O instituto jurídico da alienação fiduciária de bens imóveis.

O instituto jurídico da alienação fiduciária tem previsão na legislação brasileira tanto no Código Civil como também em legislação esparsa, a depender da natureza jurídica do bem que será dado em garantia.

Dentre as legislações especiais que disciplinam o tema da alienação fiduciária, destaque-se a Lei n. 9.514 de 1997 que dispõe sobre o sistema de financiamento imobiliário e, principalmente, institui a alienação fiduciária de coisa imóvel.

Nesse toar, o artigo 22 da mencionada lei define como alienação fiduciária de coisa imóvel o “negócio jurídico pelo qual o devedor, ou fiduciante, com o escopo de garantia, contrata a transferência ao credor, ou fiduciário, da propriedade resolúvel de coisa imóvel”.

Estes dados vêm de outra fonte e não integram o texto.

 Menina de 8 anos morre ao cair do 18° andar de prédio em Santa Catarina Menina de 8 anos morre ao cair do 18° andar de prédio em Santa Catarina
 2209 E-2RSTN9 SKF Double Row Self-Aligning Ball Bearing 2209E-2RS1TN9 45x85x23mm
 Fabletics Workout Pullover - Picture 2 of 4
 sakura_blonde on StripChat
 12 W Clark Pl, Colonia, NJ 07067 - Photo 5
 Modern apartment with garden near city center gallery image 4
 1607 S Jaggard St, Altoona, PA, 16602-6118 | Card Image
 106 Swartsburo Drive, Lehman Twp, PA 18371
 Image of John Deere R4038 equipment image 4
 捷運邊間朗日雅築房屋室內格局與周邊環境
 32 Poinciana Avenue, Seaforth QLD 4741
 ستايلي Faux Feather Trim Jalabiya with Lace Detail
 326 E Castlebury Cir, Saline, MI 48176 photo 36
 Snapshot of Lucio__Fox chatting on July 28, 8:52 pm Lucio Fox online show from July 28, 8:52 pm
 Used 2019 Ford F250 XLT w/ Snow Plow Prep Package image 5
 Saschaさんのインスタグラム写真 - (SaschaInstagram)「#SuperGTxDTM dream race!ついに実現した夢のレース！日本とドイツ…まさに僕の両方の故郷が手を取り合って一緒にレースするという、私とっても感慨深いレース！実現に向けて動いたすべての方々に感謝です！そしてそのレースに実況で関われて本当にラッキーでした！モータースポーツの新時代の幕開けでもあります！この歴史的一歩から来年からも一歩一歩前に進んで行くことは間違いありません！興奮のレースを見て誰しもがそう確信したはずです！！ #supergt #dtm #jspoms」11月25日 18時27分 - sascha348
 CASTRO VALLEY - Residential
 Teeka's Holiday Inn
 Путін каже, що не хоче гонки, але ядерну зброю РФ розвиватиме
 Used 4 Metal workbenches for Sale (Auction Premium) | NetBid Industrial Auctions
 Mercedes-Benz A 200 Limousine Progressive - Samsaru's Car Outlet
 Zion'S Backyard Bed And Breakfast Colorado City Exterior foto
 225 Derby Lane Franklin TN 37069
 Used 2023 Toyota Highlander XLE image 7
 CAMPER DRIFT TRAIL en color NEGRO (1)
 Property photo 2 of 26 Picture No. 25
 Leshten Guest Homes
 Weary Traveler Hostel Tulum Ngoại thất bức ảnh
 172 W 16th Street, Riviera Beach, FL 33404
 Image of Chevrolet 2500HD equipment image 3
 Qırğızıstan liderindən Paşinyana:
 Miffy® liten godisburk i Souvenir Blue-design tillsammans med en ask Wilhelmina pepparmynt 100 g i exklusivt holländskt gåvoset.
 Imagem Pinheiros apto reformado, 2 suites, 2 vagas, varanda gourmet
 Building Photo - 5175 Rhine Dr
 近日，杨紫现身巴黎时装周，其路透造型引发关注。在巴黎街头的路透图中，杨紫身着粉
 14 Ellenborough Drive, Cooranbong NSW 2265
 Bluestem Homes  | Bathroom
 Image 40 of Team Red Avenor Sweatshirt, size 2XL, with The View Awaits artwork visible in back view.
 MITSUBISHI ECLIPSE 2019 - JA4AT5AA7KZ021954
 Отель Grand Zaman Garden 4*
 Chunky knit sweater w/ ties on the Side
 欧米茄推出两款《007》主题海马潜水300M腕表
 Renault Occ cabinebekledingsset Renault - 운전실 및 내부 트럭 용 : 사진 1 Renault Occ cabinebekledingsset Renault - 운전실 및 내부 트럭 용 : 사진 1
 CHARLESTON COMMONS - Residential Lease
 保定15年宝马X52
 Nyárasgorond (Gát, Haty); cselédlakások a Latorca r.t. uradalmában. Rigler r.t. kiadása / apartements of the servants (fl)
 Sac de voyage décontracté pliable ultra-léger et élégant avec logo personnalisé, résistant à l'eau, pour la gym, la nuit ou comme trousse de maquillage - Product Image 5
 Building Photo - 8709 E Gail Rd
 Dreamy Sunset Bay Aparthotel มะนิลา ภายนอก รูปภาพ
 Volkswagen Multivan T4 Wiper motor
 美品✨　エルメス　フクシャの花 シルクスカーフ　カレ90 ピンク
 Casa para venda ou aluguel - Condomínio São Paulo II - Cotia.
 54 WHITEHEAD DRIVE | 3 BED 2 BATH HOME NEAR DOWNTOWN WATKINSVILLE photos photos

Em outras palavras, o contrato de alienação de bem imóvel é utilizado quando o devedor pretende transferir a propriedade jurídica de um determinado bem imóvel ao credor (normalmente instituições financeiras) de forma com que ambos definam que o próprio bem é a garantia de pagamento de uma dívida existente entre as partes, ou seja, a alienação fiduciária atua como um contrato acessório que garante o principal, qual seja, a dívida já existente entre o devedor e o credor.

Entretanto, importante registrar que a transferência da propriedade que garante a dívida tem característica de ser resolúvel e transitória, ou seja, se o devedor quitar a dívida extingue a propriedade do credor e, se o devedor não quitar a dívida, consolida a propriedade daquele.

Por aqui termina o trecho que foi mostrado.